Social Security’s #1 Priority: Raise Share of Payroll Tax Going to Disability Insurance

The Social Security trustees’ new report shows why the program’s immediate priority should be to raise the share of payroll taxes allocated to Disability Insurance (DI) and lower the share allocated to Old-Age and Survivors Insurance to keep the DI trust fund from running out in 2016.  Nine million disabled workers face a 20 percent across-the-board cut in DI benefits if the trust fund is depleted.

Social Security’s disability and retirement programs are closely linked, so ideally Congress would address DI’s finances as part of a long-term solvency package for Social Security as a whole — one that extends the solvency of both trust funds well beyond 2033, when the combined trust funds face exhaustion.  Enacting a balanced solvency package before late 2016, however, is highly unlikely.

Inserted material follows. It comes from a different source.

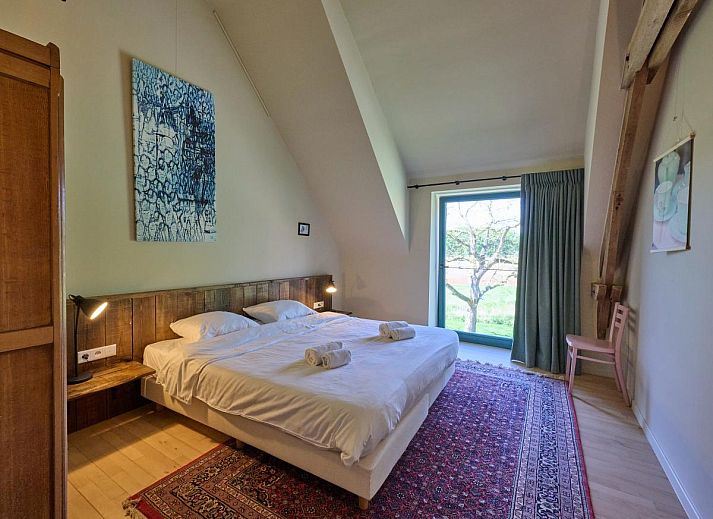 Geniet van de rust op het terras van vakantiehuis Lactea in Schilde, Antwerpen, omgeven door natuur en een charmante bakstenen gevel.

Surveys find that Americans are willing to pay higher Social Security taxes to preserve and strengthen Social Security for future generations.  Yet some politicians argue for preserving solvency solely through benefit cuts.  Bridging such sharp divisions will be difficult, and holding DI beneficiaries hostage by refusing to reallocate payroll taxes wouldn’t make the task any easier — or success more likely.

Reallocation is unavoidable.  Even if policymakers miraculously agreed on a balanced solvency package by 2016, any changes in DI benefits or eligibility would phase in gradually and hence do little to replenish the DI trust fund by 2016.

Reallocation is a historically noncontroversial action that policymakers have often taken to shift resources between the two trust funds, in either direction.  Both the Bush and Clinton Administrations endorsed it in the early 1990s, and Congress enacted it in 1994 without a single dissenting voice.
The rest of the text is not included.